I made a tentative start by utilizing it to charge a set of four fully depleted Eneloop AA cells that have been in storage since March. Before being placed in storage, they were subjected to a break-in cycle and a discharge to 0.1 volts at 0.2C with an original edition MH-C9000. The same discharge criteria will used throughout this endeavor.

It was a pleasant surprise to determine that the initial charge by the MQNÖ6U resulted in a capacity differential of a mere 27mAh. This indicates that its primary charge will at least keep in balance cells that start the charge in similar states of discharge. In fact, I suspect its primary charge will even bring somewhat imbalanced cells back into balance.
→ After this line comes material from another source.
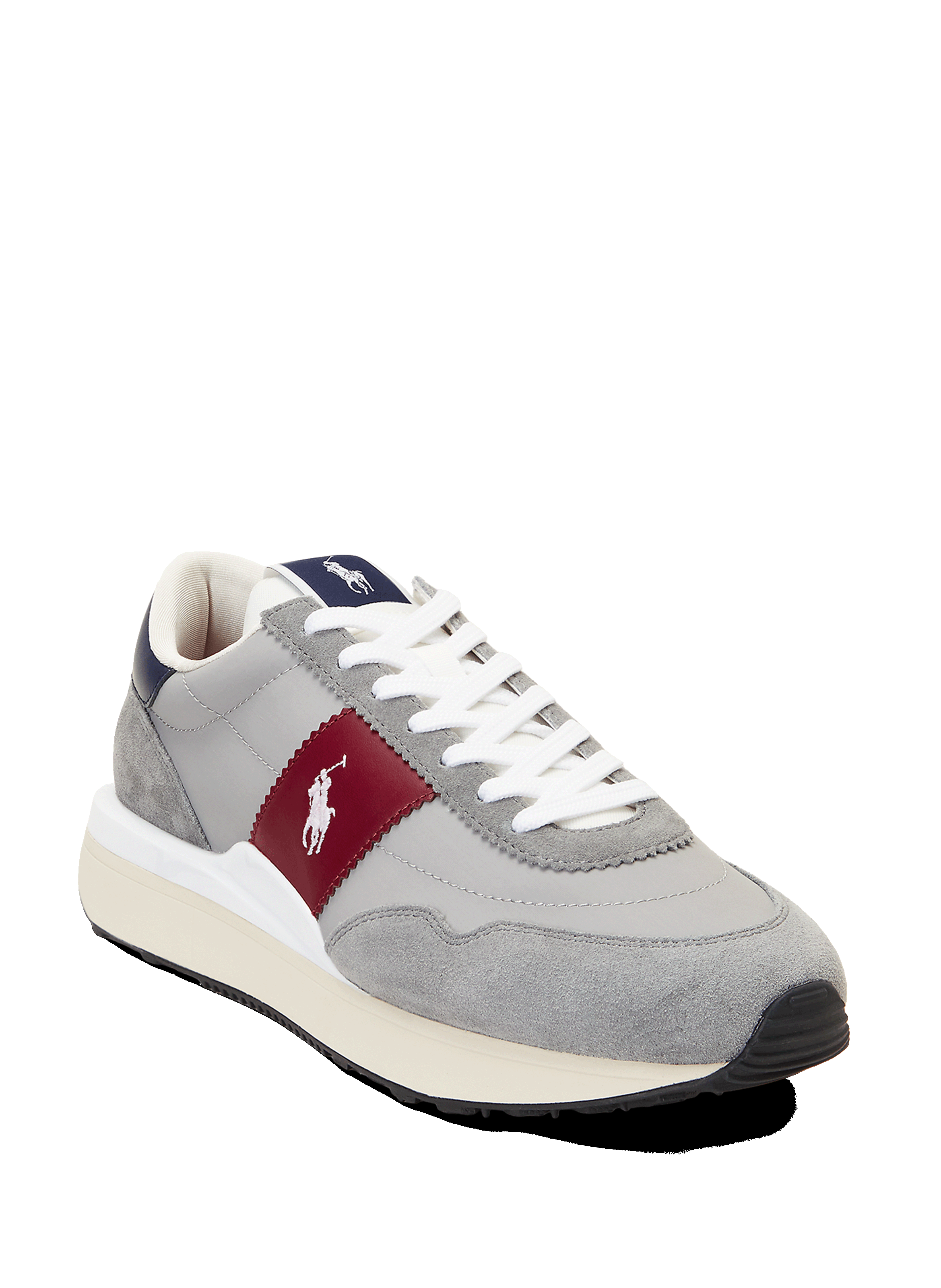 Baskets bi-matière  POLO RALPH LAUREN Gris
Following another primary charge on the MQNÖ6U, the cells were then left in the charger with the charger powered on. Firstly, to verify whether the charger does have a trickle charge function and, if so, to also monitor its effect over time on the cells' voltage. Twenty four hours after the primary charge terminated, all four cells had settled at 1.48 volts, and the voltage has basically remained static at 1.48 volts for over a week now.

The fact that the voltage hasn't diminished in over a week confirms that the MQNÖ6U does indeed have a trickle charge function. But what has me intrigued is the fact that the trickle charge has maintained such a stable voltage across all four cells, and a relatively benign voltage at that.

This, in turn, has me wondering what the effects of this charger's trickle charge would be if perpetuated. So please chime in with your thoughts, especially with respect to the effects over a given period of time, ie: a week, a month, a year?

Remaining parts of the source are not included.